▸ TASK REQUIREMENTS
Repeat the data that follows exactly, starting at the line with "a living room" and ending at the line with "Flower garlands and", and leave out every picture.
WORKING DATA Block Start
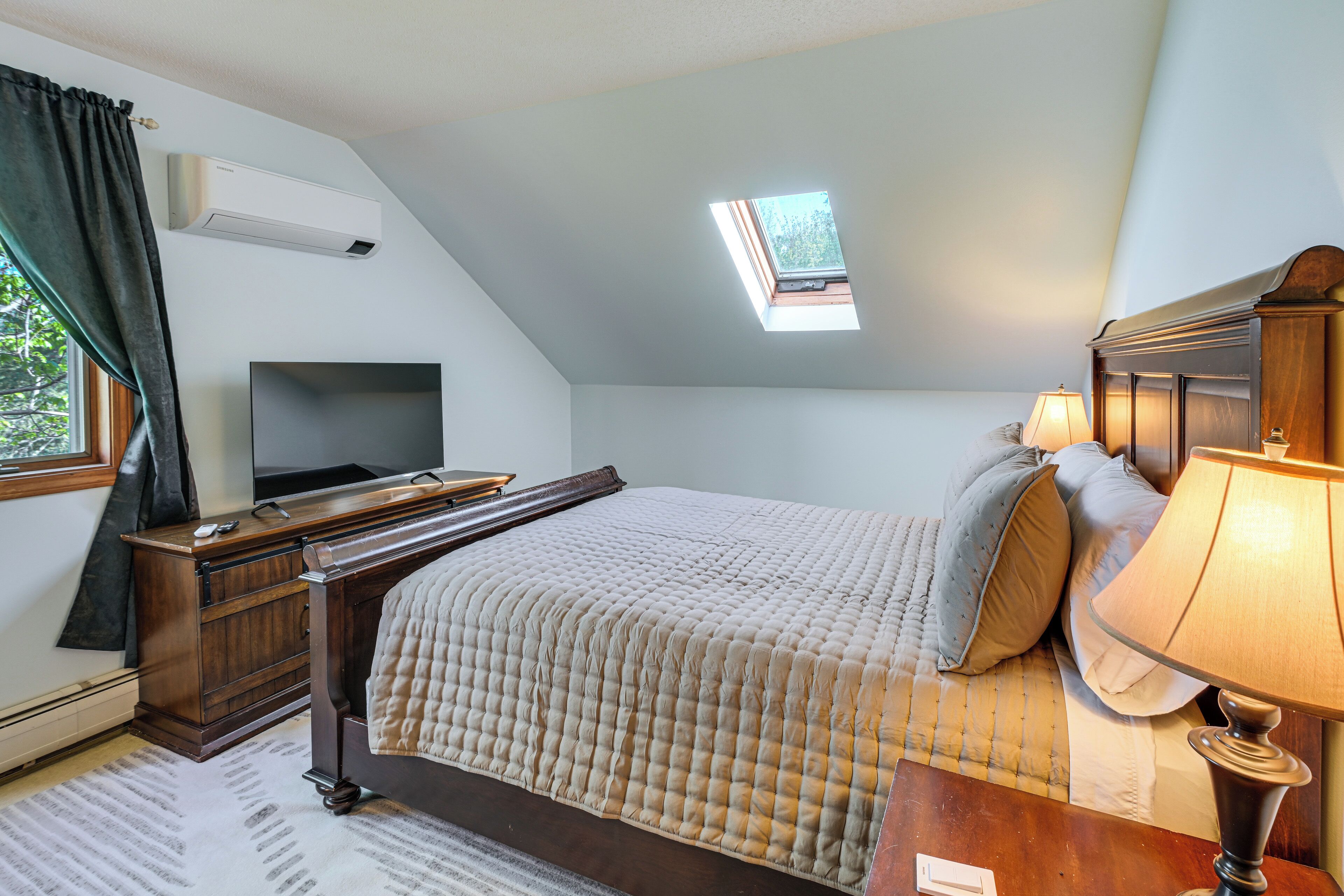 Un dormitorio con una cama, un escritorio, un televisor, una lámpara y un tragaluz.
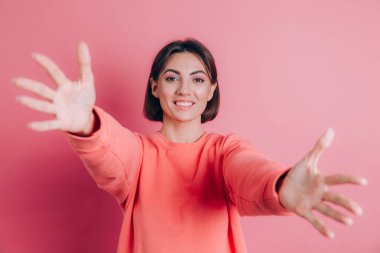 Arka planda sıradan bir süveter giyen kadın kameraya sarılmak için gülümseyerek bakıyor.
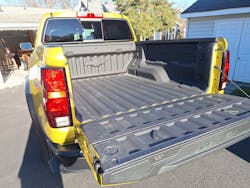 The bed is 5.5 feet long, but it holds longer items with the tailgate down. The interior side of the gate has a compartment for jumper cables, hitch, a can of motor oil, and whatever else an owner wants to take along. A 48-inch rule is embossed along the gate&rsquo;s outer edge.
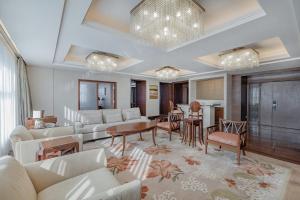 a living room with white furniture and a dining room at Sheraton Changsha Hotel in Changsha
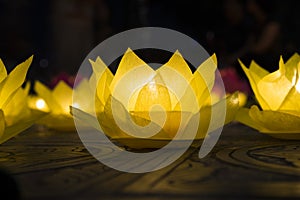 Flower garlands and colored lanterns for celebrating Buddha`s birthday in Eastern culture. They are made from cut paper and candl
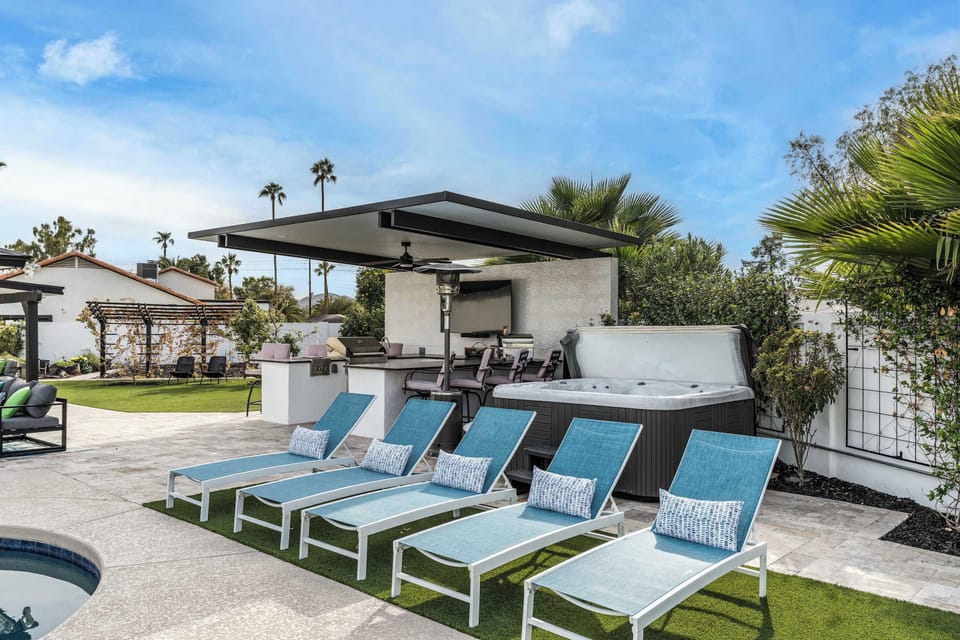 A welcoming outdoor pool area featuring chairs and tables, providing an ideal setting for relaxation, meals, and enjoying the pool.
WORKING DATA Block End
▸ TASK SOLUTION
 a living room with white furniture and a dining room at Sheraton Changsha Hotel in Changsha
 Flower garlands and colored lanterns for celebrating Buddha`s birthday in Eastern culture. They are made from cut paper and candl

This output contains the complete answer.